§ **What is required**
Wherever an image appears in the data, omit it and copy all the remaining text word for word.

Captioned web image data
Start of Block
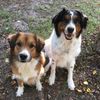 alldogsincorporated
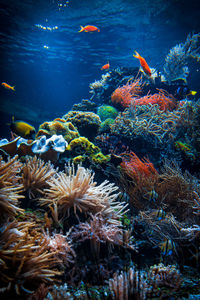 Close-up of fish swimming in sea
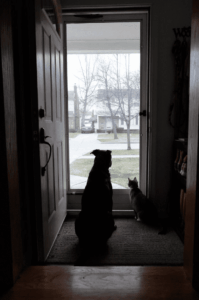 turelmetlen-kisallatok-akik-alig-varjak-hogy-hazaerjen-a-gazdi-e16cd5d4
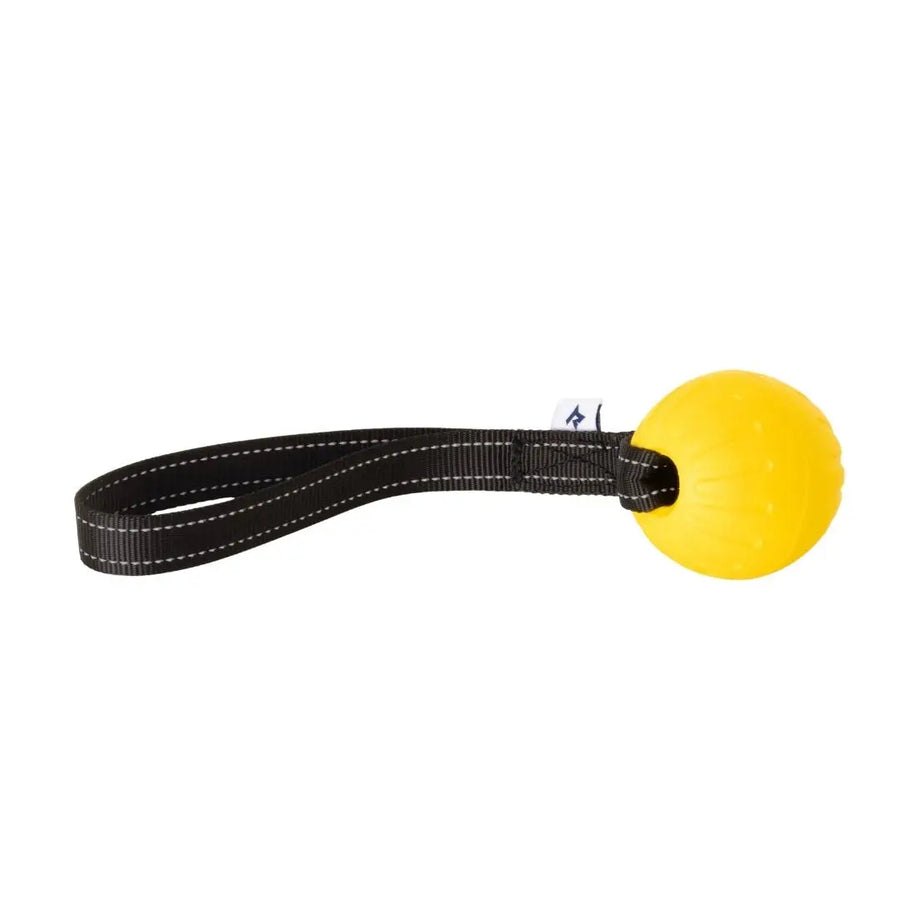 Yellow foam ball on black nylon webbing loop handle, RNRK9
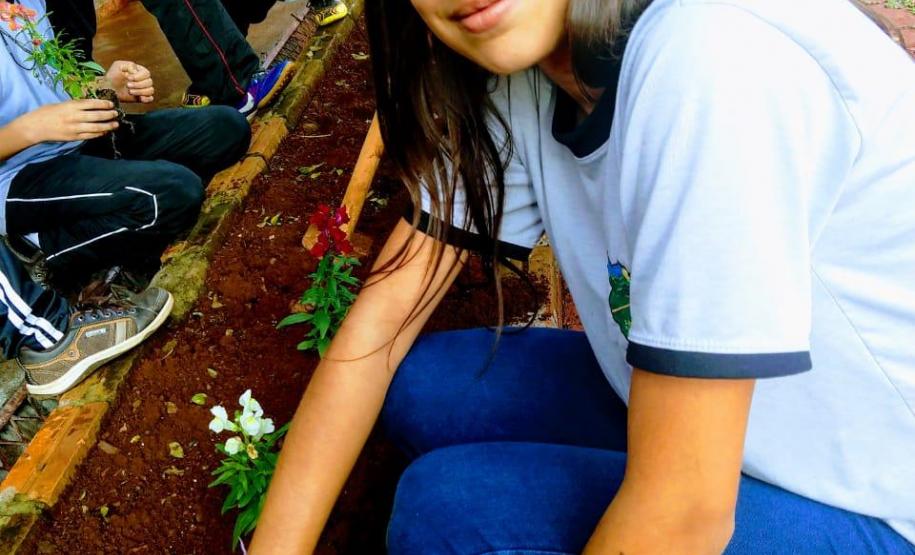 Projeto de jardinagem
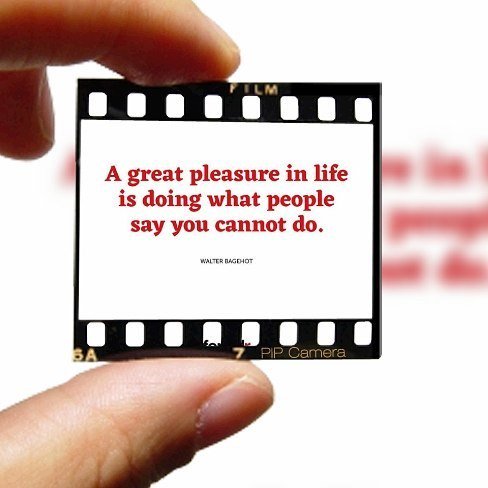 Hatare kommer hata, vinnare kommer vinna 💪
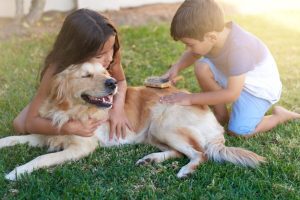 Como escovar um cão de acordo com o seu tipo de pelo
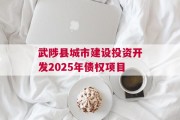 武陟县城市建设投资开发2025年债权项目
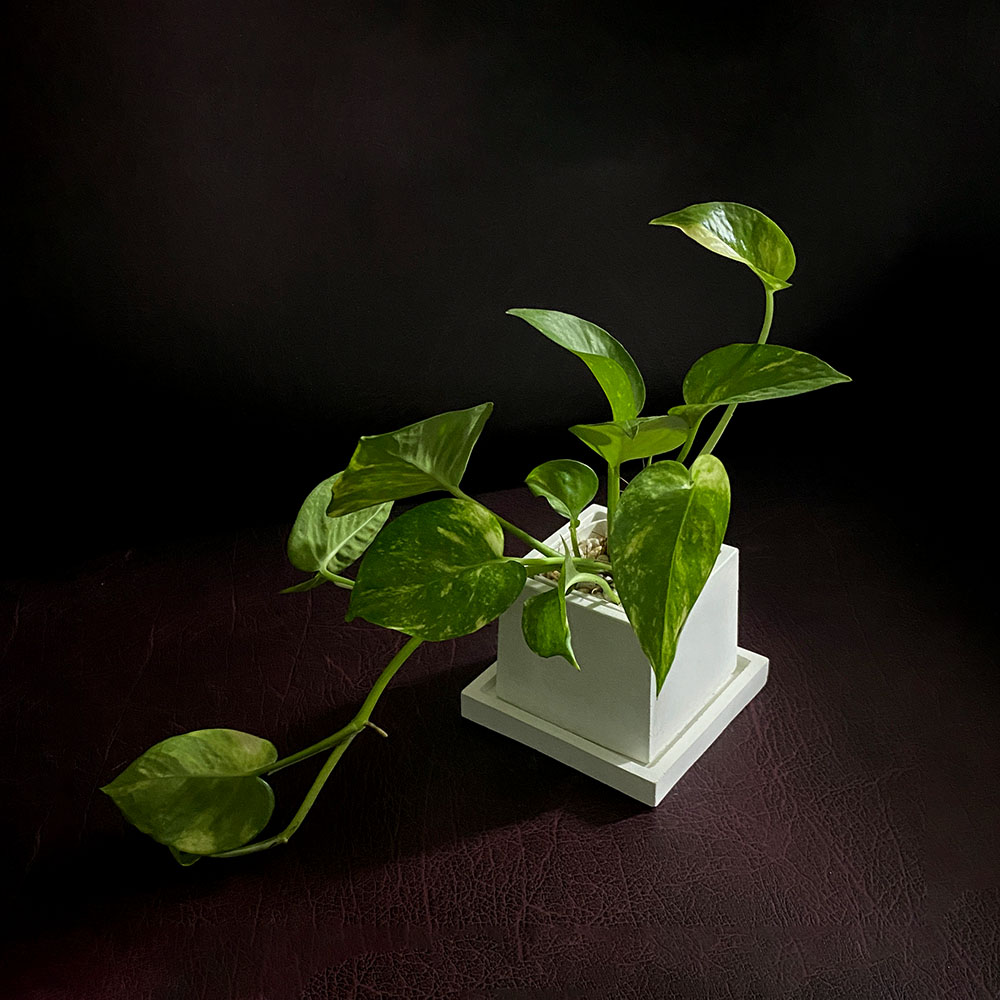 Golden Pothos / Money Plant with Planter and Tray - Live Plant - Image 2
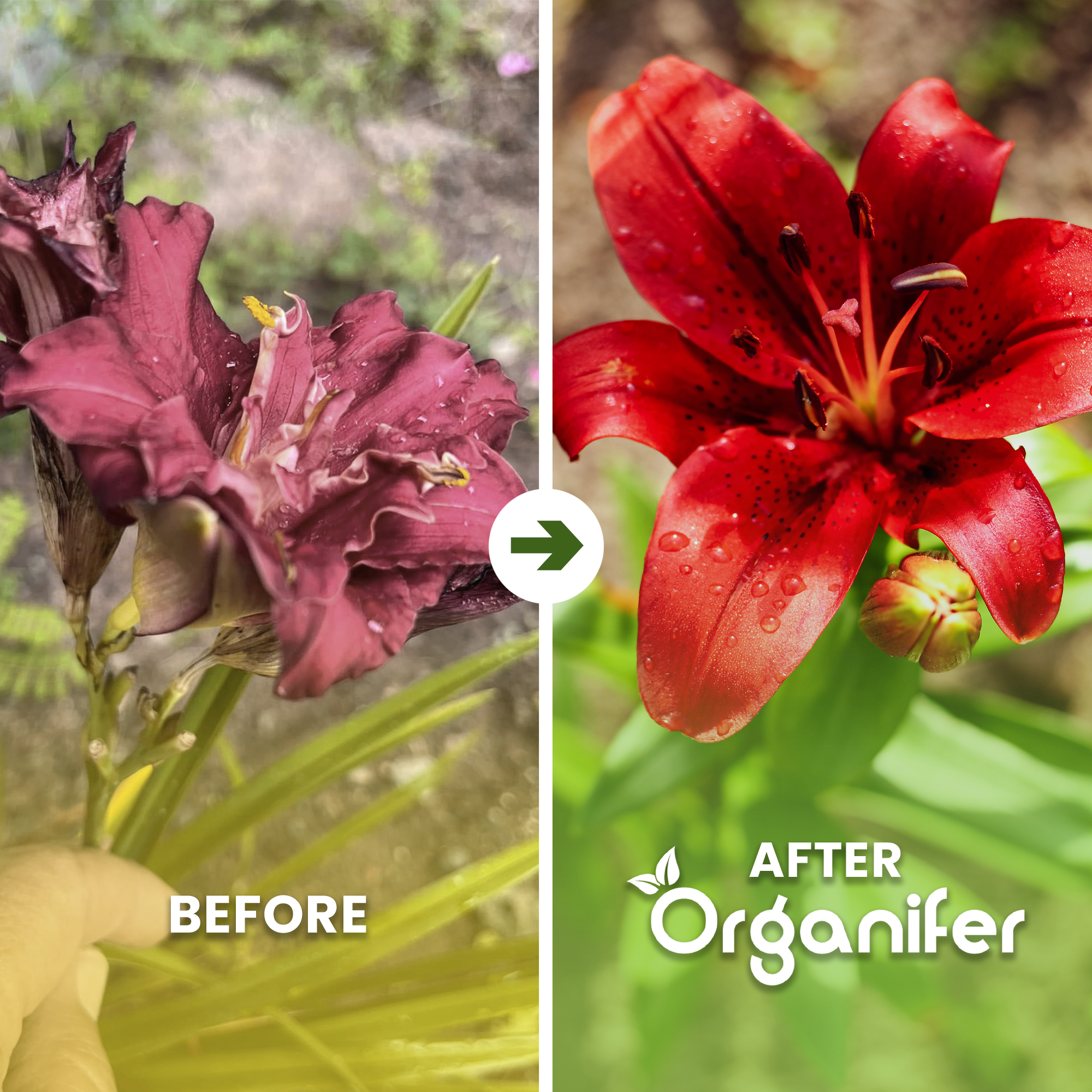 lily_comparison_english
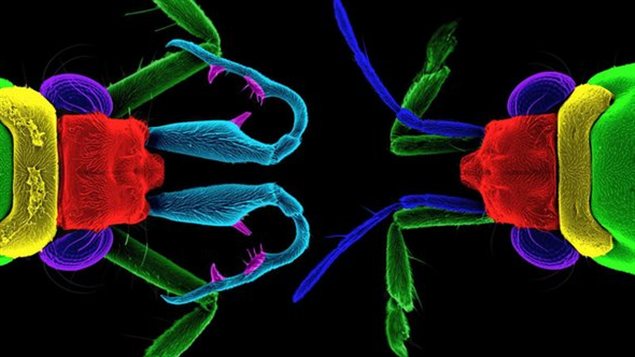 Rheumatobates rileyi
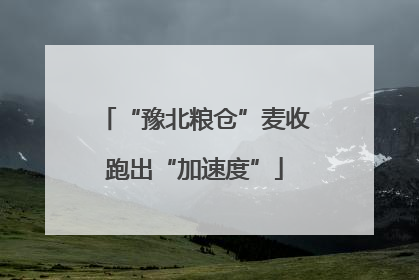 “豫北粮仓”麦收跑出“加速度”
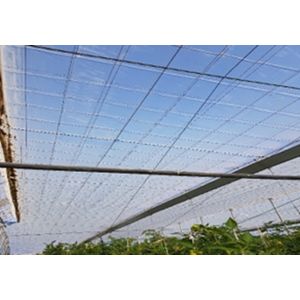 Plástico de Cubierta Thermogreen 5.000 PPM Greenplas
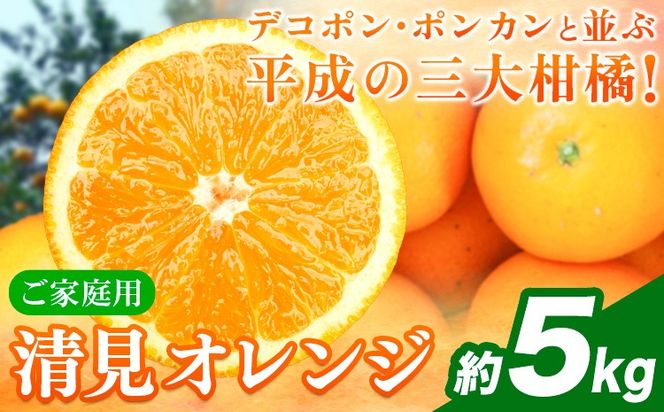 ＜先行予約＞【ご家庭用訳アリ】 紀州有田産清見オレンジ 約5kg 株式会社魚鶴商店《2027年3月下旬-4月下旬頃出荷》 和歌山県 日高町 オレンジ 柑橘 ご家庭用---wsh_uot242_3g4g_26_11000_5kg---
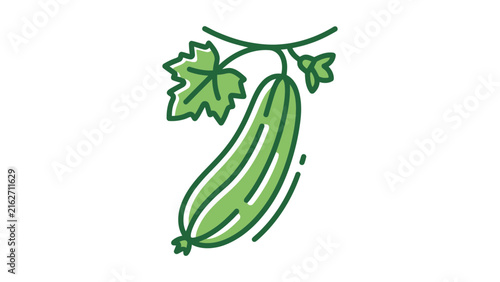 Cucumber Vegetable Vector Illustration
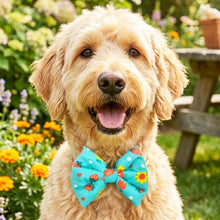 Load image into Gallery viewer, Bow Tie for Dogs: Gardenia Summer Dog Bow Tie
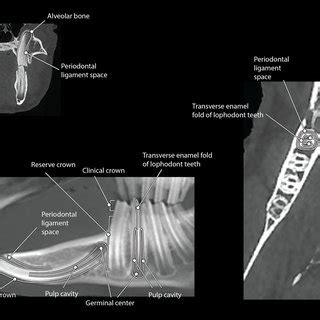 A) Maxillofacial anatomy of a rabbit as viewed on tooth view 3D volume ...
End of Block
§ **Answer to this task**
 alldogsincorporated
 Close-up of fish swimming in sea
 turelmetlen-kisallatok-akik-alig-varjak-hogy-hazaerjen-a-gazdi-e16cd5d4
 Yellow foam ball on black nylon webbing loop handle, RNRK9
 Projeto de jardinagem
 Hatare kommer hata, vinnare kommer vinna 💪
 Como escovar um cão de acordo com o seu tipo de pelo
 武陟县城市建设投资开发2025年债权项目
 Golden Pothos / Money Plant with Planter and Tray - Live Plant - Image 2
 lily_comparison_english
 Rheumatobates rileyi
 “豫北粮仓”麦收跑出“加速度”
 Plástico de Cubierta Thermogreen 5.000 PPM Greenplas
 ＜先行予約＞【ご家庭用訳アリ】 紀州有田産清見オレンジ 約5kg 株式会社魚鶴商店《2027年3月下旬-4月下旬頃出荷》 和歌山県 日高町 オレンジ 柑橘 ご家庭用---wsh_uot242_3g4g_26_11000_5kg---
 Cucumber Vegetable Vector Illustration
 Load image into Gallery viewer, Bow Tie for Dogs: Gardenia Summer Dog Bow Tie
 A) Maxillofacial anatomy of a rabbit as viewed on tooth view 3D volume ...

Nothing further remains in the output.